Elizabeth Garrett Anderson

Case study
Elizabeth Garrett Anderson © National Portrait Gallery, London

Becoming a doctor

Elizabeth Garrett was born in London and later lived in Suffolk. She had several siblings, one of whom was Millicent Garrett (later Millicent Garrett Fawcett), who was the president of the National Union Of Women’s Suffrage Societies (NUWSS). Elizabeth married James George Skelton Anderson in 1871 and had three children. She studied chemistry and nursing, and applied to several medical schools, all of which refused to take her.
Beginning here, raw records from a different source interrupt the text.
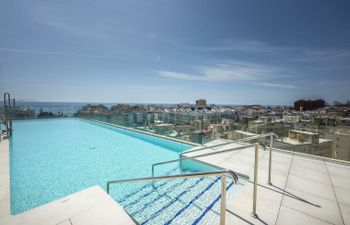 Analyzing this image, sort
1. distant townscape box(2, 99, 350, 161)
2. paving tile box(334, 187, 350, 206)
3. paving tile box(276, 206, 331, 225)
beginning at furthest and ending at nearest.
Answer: distant townscape box(2, 99, 350, 161) < paving tile box(334, 187, 350, 206) < paving tile box(276, 206, 331, 225)

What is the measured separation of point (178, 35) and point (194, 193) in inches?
299

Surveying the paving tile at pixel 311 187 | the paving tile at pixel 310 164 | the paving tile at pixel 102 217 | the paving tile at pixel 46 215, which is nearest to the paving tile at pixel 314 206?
the paving tile at pixel 311 187

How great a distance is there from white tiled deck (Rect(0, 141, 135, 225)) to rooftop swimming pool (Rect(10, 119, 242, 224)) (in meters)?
0.61

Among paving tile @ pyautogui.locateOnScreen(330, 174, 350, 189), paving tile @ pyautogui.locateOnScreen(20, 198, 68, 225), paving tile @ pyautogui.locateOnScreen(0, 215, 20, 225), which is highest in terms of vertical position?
paving tile @ pyautogui.locateOnScreen(330, 174, 350, 189)

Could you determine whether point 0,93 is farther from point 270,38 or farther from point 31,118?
point 270,38

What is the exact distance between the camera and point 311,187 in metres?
2.55

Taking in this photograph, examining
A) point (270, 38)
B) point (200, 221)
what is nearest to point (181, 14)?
point (270, 38)

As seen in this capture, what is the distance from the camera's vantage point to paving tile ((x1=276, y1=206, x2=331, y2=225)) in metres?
1.79

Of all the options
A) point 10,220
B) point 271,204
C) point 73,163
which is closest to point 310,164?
point 271,204

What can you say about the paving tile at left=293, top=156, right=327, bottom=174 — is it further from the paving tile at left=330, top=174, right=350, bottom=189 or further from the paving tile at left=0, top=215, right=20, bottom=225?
the paving tile at left=0, top=215, right=20, bottom=225

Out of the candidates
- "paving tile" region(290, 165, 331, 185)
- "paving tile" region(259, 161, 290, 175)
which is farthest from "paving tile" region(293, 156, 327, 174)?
"paving tile" region(259, 161, 290, 175)

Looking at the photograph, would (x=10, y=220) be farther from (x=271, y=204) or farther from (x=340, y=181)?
(x=340, y=181)

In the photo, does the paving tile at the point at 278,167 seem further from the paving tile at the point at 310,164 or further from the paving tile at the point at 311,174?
the paving tile at the point at 310,164

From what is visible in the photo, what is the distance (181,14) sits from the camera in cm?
696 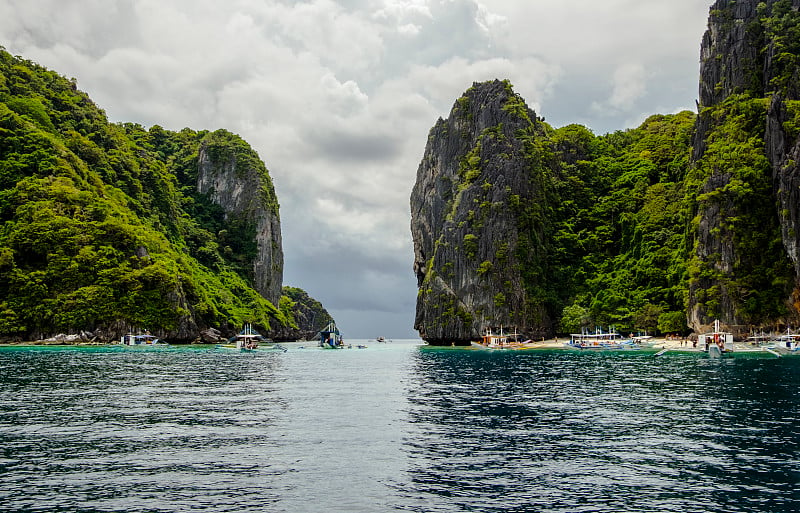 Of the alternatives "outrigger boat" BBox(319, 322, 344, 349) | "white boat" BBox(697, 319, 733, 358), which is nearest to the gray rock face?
"outrigger boat" BBox(319, 322, 344, 349)

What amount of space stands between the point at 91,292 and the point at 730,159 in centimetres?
13204

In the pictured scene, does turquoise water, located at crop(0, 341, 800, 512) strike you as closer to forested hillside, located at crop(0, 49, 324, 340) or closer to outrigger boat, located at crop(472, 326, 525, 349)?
outrigger boat, located at crop(472, 326, 525, 349)

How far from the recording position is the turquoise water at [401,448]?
18.4 meters

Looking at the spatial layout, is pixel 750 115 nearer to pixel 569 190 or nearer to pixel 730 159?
pixel 730 159

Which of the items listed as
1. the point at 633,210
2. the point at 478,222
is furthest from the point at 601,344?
the point at 633,210

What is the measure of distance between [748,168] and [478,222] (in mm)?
65963

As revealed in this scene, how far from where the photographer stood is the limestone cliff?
112312 mm

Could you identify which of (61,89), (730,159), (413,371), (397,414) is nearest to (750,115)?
(730,159)

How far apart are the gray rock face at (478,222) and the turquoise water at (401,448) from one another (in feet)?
353

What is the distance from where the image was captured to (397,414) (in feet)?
115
She used a legal loophole and got a doctor’s licence from the Society of Apothecaries in 1865, then qualified as a doctor from the University of Sorbonne in France in 1870. The Medical Act of 1876 finally allowed British universities to accept women on medical degrees. Elizabeth opened the St Mary's Dispensary for Women and Children to treat the poor; this became the New Hospital for Women. 

Campaigning for the vote

At the age of 18, Elizabeth met the campaigner Emily Davies. She was a founding member of the Kensington Society in 1865. Both Emily and Elizabeth signed the 1866 suffrage petition, which they presented to MP John Stuart Mill at Westminster. In June 1874, she led a large suffrage meeting. She was a member of the Central Committee of the National Society for Women’s Suffrage and also belonged to the London Society for Women’s Suffrage from 1906 to 1907. In 1908, Elizabeth moved to the WSPU and took part in a ‘raid’ on the House of Commons. She took part in the WSPU’s ‘From Prison to Citizenship’ march in London on 18 June 1910 and headed a large, peaceful representation by the WSPU to the Houses of Parliament on 18 November 1910, ending in the violence of ‘Black Friday’. Elizabeth publicly withdrew her support for WSPU militancy after their subsequent escalation of tactics, and withdrew from public life completely in 1913.

Glossary

Questions

  1. What kind of person do you think Elizabeth was?
  2. What do you find most interesting about her story?
  3. How typical do you think she was of suffragists?